Search code examples
database-designduplicate-data

Having duplicate records on a Database, is always wrong?


Context: The users create challenges for some subject, level, in one city, a certain day at a certain time.

The user may have more of a challenge of the same subject, level, in the same city, same day and same time (challenges being played simultaneously).

Challenges can be created one at a time.

On my actual table, I have duplicate records for this situation (with different primary key value). Is this wrong? How should it be?

Table challenges:

id_challenge  INT (pk auto increment)
id_subject INT
id_level INT
id_city INT
id_user INT
date DATE
time TIME
comment VARCHAR(100)

Solution

  • Technically, I do not believe these records are "duplicate" per se, as they are referring to two distinct entities - even if the comments are the same.

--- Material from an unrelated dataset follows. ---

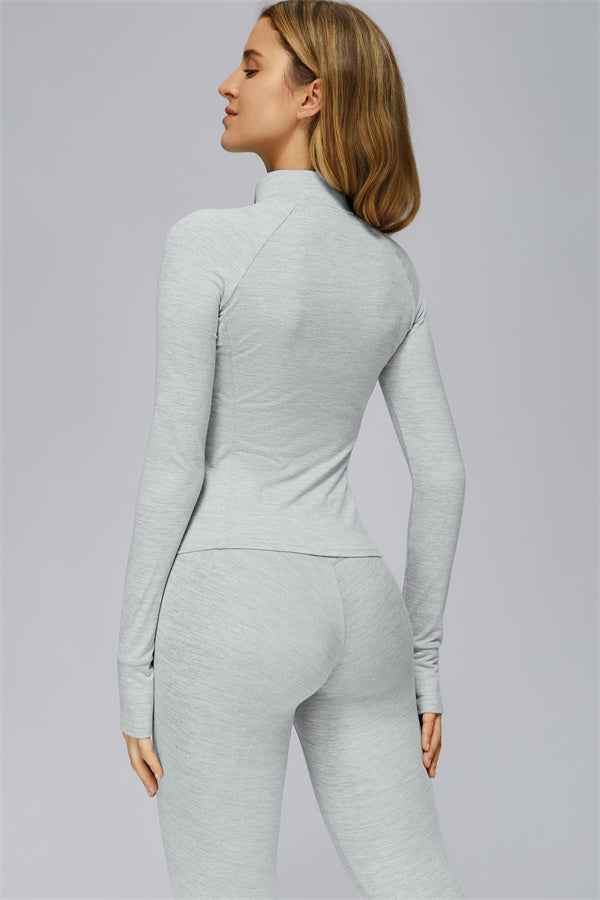 The Radiance Jacket Sports Bra Leggings 3-Piece Set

I am of course referring to the case where challenges #79 and #80 are treated separately, even if they have the same data in them. That is, on a list of a user's challenges they are participating in, they could list both challenges as two separate lines. The same metaphor extends to a list of challenges in a city.

    If, however, you find yourself grouping, counting, or sorting on these rows to remove duplicates, this is a smell. Even if the UI is only allowing you to create one at a time, each new combination would be more of a "profile" which can be invoked multiple times. Either storing a quantity or having a parent "challenge profile" table may be a better option.

    Additionally, if the number of "duplicate" rows is in the millions for each given combination, you may see some size benefit in forcing the issue, declaring them duplicate, and normalizing. But even then, storage is cheap and with a table this small a million records is only a few MB.


    But...IMHO the fact that users are creating multiple rows one-by-one in this fashion may indicate something that needs to be redesigned - possibly both in the front and back ends.